An immersive soundscape, unveiled ahead of the Highgate Festival, will explore the legacy of a Jamaican-born radical thinker buried in Highgate Cemetery.
Audiences can listen to sound artist Trevor Mathison's 40-minute work on headphones while following a path through the burial ground's monuments, flora and fauna.
The Conversation Continues: We Are Still Listening re-examines the lives and histories of the radical thinkers artists and writers buried in the cemetery in the context of today's anti-racism movements - while honouring the memory of Professor Stuart Hall, who arrived in the UK in 1951 as part of the Windrush generation.
After studying at Oxford, the political activist and Marxist cultural theorist, co founded the New Left Review, presented a TV programme on colonialism and the Caribbean, and taught courses at Birmingham University and UCL which helped transform public conversations around culture, race, and identity at a pivotal time of immigration and social change.

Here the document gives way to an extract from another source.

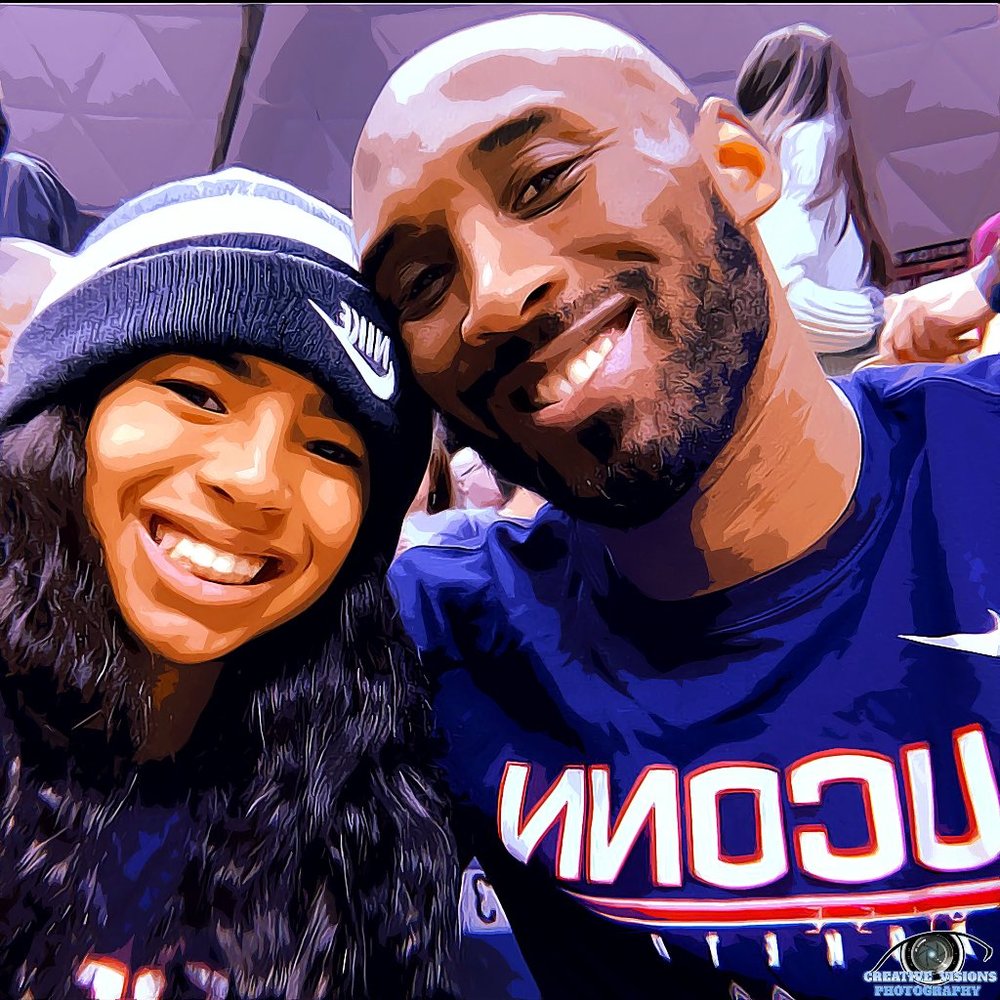 Kobe Bryant & Daughter Gigi Realistic Digital Cartoon Vector Portrait set of 3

Mathieson's artwork weaves together field recordings from Highgate Cemetery with extracts from Hall's lecture Through the Prism of Intellectual Life, and memoir Familiar Stranger spoken by actor Joseph Black, alongside extracts from Selina Nwulu's poetry.
Mathieson is both interested in the cemetery's history and botanical landscape: “I'm fascinated by the number of individuals buried in the cemetery who have contributed so greatly to our own realities; from scientists, philosophers, writers, painters, and academics."

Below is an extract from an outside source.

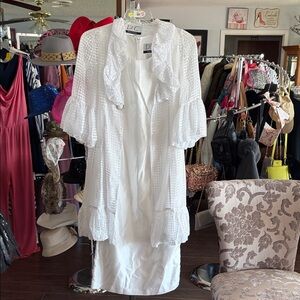 Elegant White Dress with Sheer Overlay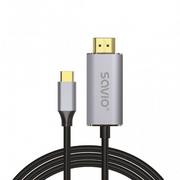 Kable - KABEL USB-C DO HDMI 2.0B, 1M, SREBRNO-CZARNY - miniaturka - grafika 1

"First among them for me is Stuart Hall who was one of the most important social and cultural thinkers of our time. I feel the need to keep them close, to acknowledge their work and think about how their ideas and questions continue on through our present-day debates.
"I have also been drawn to the plants that grow alongside the graves, imagining how voices might permeate, connect and continue to flourish through the rich layers of its natural landscape.
"I hope the soundscape provides a meditative space for the listener to relate back to the cemetery, reflect on Stuart Hall’s legacy and consider the community resting there, with all its multiple, active connections."
Despite an uneasy relationship with belonging in Britain, upon his death in 2014, Hall wished to be buried alongside friends and leftist intellectuals: Karl Marx, Eric Hobsbawm, Raphael Samuel and Claudia Jones.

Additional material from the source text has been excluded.